Now, I love people, and I’ve grown to love meeting new people. It’s one of the wonderful side effects of my work.
On the surface the meeting proceeded smoothly enough, but if I’m honest, I didn’t enjoy myself.
The lack of respect–lack of acknowledgment–I experienced from this person set me on edge. There was an air of unmistakable condescension coming from his way, and I felt as though I had been put on the spot, expected to perform–knowing all the while that each response I gave was being judged critically.
I went home and tried unsuccessfully to shake the feelings of doubt that had crept into my mind. I replayed the meeting over and over in my head, noticing each time moments where I must surely have dropped the ball, said the wrong thing, or looked like a buffoon.
One thing I’m very good at is giving myself pep talks, and around a couple of hours later, I finally insisted to myself that I get a grip.
Actually, it turned out that the more I picked it apart, the more I realized how unfair I was being to myself in retrospect.
I had been myself, after all, just as I always am: a confident person, keenly skilled in what I do, and committed most to giving love and spreading joy. Yet, in this person’s company, I happened to have felt vulnerable and unversed. Well, then, it sort of had to figure that my feelings were more a reaction to this man’s energy than they were my own.
I was responsible for how I reacted, I don’t deny that. It was my choice to shrink down into myself. But at the end of the day, wasn’t it on him that he had called up such feelings in me? Feelings that are so counter to my natural constitution? Wasn’t he (at least equally) responsible for how he had made me feel?
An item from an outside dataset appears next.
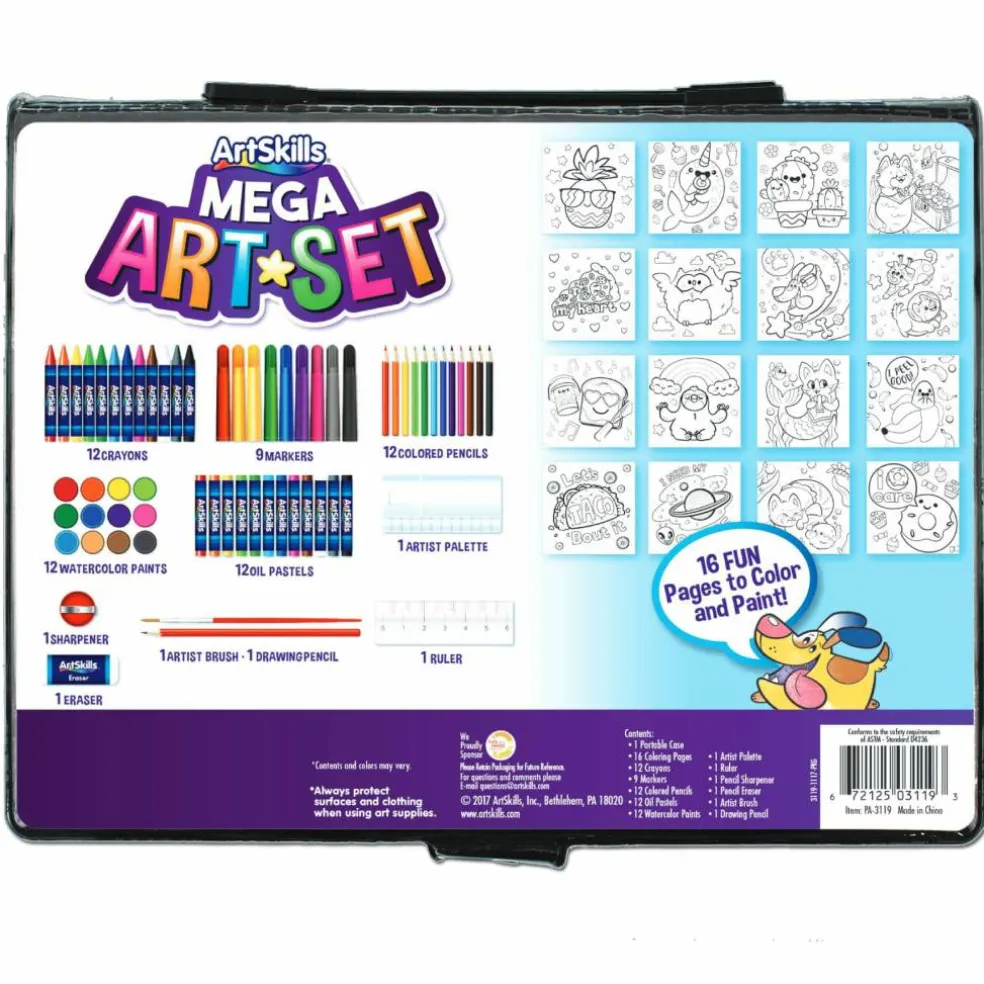ArtSkills® 80 Piece Mega Art Set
If we are aligned with truth and kindness and love, if we believe in ourselves and the goodness of our work, whatever it may be, then we earn the right to trust our powers of perception. We earn the right to say:
“You know? Turns out that yucky feeling I felt with that person said much more about them than it did about me.”
Those who acknowledge others, who treat others as though they are competent, and who act as though they want to believe the best in others, those are the ones to hang around with.
The ones who condescend? Who make otherwise confident people squirm in their boots? That’s on them. Don’t you (me) get it twisted.